Dataset records
----
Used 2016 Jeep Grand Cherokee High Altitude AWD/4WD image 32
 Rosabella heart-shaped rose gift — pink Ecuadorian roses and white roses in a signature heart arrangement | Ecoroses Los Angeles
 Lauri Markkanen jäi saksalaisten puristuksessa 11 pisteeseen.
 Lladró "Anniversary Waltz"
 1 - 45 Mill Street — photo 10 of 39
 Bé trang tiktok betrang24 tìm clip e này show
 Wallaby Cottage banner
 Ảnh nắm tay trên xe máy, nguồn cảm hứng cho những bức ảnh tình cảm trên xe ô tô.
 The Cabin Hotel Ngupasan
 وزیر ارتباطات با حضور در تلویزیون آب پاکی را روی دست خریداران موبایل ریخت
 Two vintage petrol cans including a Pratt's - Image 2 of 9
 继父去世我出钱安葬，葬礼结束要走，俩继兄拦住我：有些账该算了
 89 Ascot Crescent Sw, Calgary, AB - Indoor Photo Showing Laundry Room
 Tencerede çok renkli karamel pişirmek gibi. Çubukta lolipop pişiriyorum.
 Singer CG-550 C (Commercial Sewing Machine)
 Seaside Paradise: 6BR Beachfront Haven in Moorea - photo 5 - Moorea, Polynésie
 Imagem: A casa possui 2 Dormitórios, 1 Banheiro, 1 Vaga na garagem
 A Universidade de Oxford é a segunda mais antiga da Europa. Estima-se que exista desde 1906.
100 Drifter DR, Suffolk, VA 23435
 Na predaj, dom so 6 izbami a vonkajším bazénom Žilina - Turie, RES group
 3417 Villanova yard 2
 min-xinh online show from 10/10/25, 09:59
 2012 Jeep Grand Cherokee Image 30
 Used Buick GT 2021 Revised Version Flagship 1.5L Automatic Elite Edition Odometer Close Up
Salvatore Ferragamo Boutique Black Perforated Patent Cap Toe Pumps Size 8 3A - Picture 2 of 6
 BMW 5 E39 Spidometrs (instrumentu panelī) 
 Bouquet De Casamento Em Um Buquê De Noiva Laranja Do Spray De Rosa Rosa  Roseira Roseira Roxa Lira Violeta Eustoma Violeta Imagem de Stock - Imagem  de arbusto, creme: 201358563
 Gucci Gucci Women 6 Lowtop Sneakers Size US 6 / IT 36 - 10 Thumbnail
----
**Task brief**:
From the opening line of the data above through the line holding "A Universidade de", give every line again exactly as it stands.

**Written reply**:
Used 2016 Jeep Grand Cherokee High Altitude AWD/4WD image 32
 Rosabella heart-shaped rose gift — pink Ecuadorian roses and white roses in a signature heart arrangement | Ecoroses Los Angeles
 Lauri Markkanen jäi saksalaisten puristuksessa 11 pisteeseen.
 Lladró "Anniversary Waltz"
 1 - 45 Mill Street — photo 10 of 39
 Bé trang tiktok betrang24 tìm clip e này show
 Wallaby Cottage banner
 Ảnh nắm tay trên xe máy, nguồn cảm hứng cho những bức ảnh tình cảm trên xe ô tô.
 The Cabin Hotel Ngupasan
 وزیر ارتباطات با حضور در تلویزیون آب پاکی را روی دست خریداران موبایل ریخت
 Two vintage petrol cans including a Pratt's - Image 2 of 9
 继父去世我出钱安葬，葬礼结束要走，俩继兄拦住我：有些账该算了
 89 Ascot Crescent Sw, Calgary, AB - Indoor Photo Showing Laundry Room
 Tencerede çok renkli karamel pişirmek gibi. Çubukta lolipop pişiriyorum.
 Singer CG-550 C (Commercial Sewing Machine)
 Seaside Paradise: 6BR Beachfront Haven in Moorea - photo 5 - Moorea, Polynésie
 Imagem: A casa possui 2 Dormitórios, 1 Banheiro, 1 Vaga na garagem
 A Universidade de Oxford é a segunda mais antiga da Europa. Estima-se que exista desde 1906.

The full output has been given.